Water levels drop in Peguis First Nation, but flood control far from over

After nearly two weeks, the water is finally receding in Peguis First Nation, but officials say the community is not out of the woods yet.

Those who stayed in the community of Interlake, Manitoba during the worst flooding this spring are tired, but happy to see that the water is starting to recede.

This includes Kim Sutherland, whose family has spent the past week and a half working almost 24/7 to save their home, using six pumps and a Tiger Dam – a series of water-filled tubes that create a barrier to retain flood waters.

Sutherland said her family had a chance to leave, but she said she couldn’t bear the thought of losing her home.

Kim Sutherland says she is relieved to have been able to save her home, but is heartbroken for those who weren’t so lucky. (Walther Bernal/CBC)

She, her husband and her son “struggled to keep that water out of the house,” she said. “It was tiring. We never slept.”

Sutherland says she feels relieved to see the water recede, but feels sorry for her neighbors who were forced to leave.

“It broke my heart.”

The water around Kim Sutherland’s home had receded on Friday, but she says her family worked non-stop to keep her out. (Walther Bernal/CBC)

Reynold Smith and his team also worked virtually non-stop for nearly two weeks, setting up tiger dams around homes.

Their crew worked alone to protect 21 homes.

“So we’re just going to fix the ones we had trouble with because the water was so deep,” he said. “We are working [in] waist deep…water, so it was pretty tough.”

Smith says he’s relieved to see the water starting to recede and hopes there won’t be any more ominous rains to come.

Reynold Smith and his team have been setting up tiger dams like this around Peguis First Nation for the past 10 days. (Walther Bernal/CBC)

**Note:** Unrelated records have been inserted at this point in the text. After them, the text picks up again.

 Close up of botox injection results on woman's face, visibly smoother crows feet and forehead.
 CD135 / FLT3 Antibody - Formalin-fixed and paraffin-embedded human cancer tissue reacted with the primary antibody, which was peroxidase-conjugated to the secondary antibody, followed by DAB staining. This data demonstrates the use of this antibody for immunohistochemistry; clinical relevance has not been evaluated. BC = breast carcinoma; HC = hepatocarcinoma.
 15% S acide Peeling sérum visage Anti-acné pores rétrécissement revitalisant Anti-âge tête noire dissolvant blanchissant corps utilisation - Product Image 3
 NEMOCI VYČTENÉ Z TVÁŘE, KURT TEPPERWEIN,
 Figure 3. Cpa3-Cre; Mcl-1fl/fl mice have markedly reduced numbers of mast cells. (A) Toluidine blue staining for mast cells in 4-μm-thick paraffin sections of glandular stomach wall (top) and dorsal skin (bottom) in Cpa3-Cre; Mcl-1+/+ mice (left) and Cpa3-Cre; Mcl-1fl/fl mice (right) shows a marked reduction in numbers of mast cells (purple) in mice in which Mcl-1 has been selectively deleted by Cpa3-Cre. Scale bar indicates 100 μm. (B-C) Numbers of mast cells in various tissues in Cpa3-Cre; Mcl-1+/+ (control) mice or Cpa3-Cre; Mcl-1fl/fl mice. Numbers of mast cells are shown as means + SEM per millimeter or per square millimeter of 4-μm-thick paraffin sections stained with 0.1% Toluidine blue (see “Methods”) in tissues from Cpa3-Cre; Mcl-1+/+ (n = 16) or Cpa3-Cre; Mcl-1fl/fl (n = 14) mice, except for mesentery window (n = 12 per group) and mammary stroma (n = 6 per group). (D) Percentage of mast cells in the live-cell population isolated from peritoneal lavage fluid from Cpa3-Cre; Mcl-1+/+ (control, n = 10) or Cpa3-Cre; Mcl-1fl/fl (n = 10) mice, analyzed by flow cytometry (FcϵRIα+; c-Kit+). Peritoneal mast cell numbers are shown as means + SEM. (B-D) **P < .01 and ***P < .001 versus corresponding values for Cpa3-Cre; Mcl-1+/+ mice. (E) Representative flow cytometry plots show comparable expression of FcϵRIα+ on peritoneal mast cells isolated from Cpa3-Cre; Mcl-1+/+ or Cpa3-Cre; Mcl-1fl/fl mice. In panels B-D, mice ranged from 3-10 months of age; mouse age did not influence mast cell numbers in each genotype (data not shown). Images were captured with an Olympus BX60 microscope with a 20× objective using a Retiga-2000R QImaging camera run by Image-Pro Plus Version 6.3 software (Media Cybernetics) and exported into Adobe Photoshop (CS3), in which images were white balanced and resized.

Light rain Thursday evening

Manitoba’s hydrological forecast center had estimated between 20 and 50 millimeters of rain for most of the southern and central parts of the province over three days, beginning Thursday evening.

However, on Friday morning, Peguis and the rest of the Interlake only saw between 5 and 10 millimeters, according to Environment Canada.

It was a bit of a relief for the community, which declared a state of emergency on April 28 and issued an evacuation order on May 1, after flooding from the Fisher River washed away roads and ruptured levees.

Nearly 1,900 people had to evacuate the First Nation and are now living outside hotels. Peguis, Manitoba’s largest First Nation, typically has just over 3,500 members usually living on reserve.

Indigenous Services Canada said Friday that no further evacuations from Peguis were planned.

Although the community has gotten some respite from the rainy weather, it’s still too early to tell when evacuees might return home, Chief Glenn Hudson said Thursday.

The water along the Fisher River is always above the banks of the river, he said.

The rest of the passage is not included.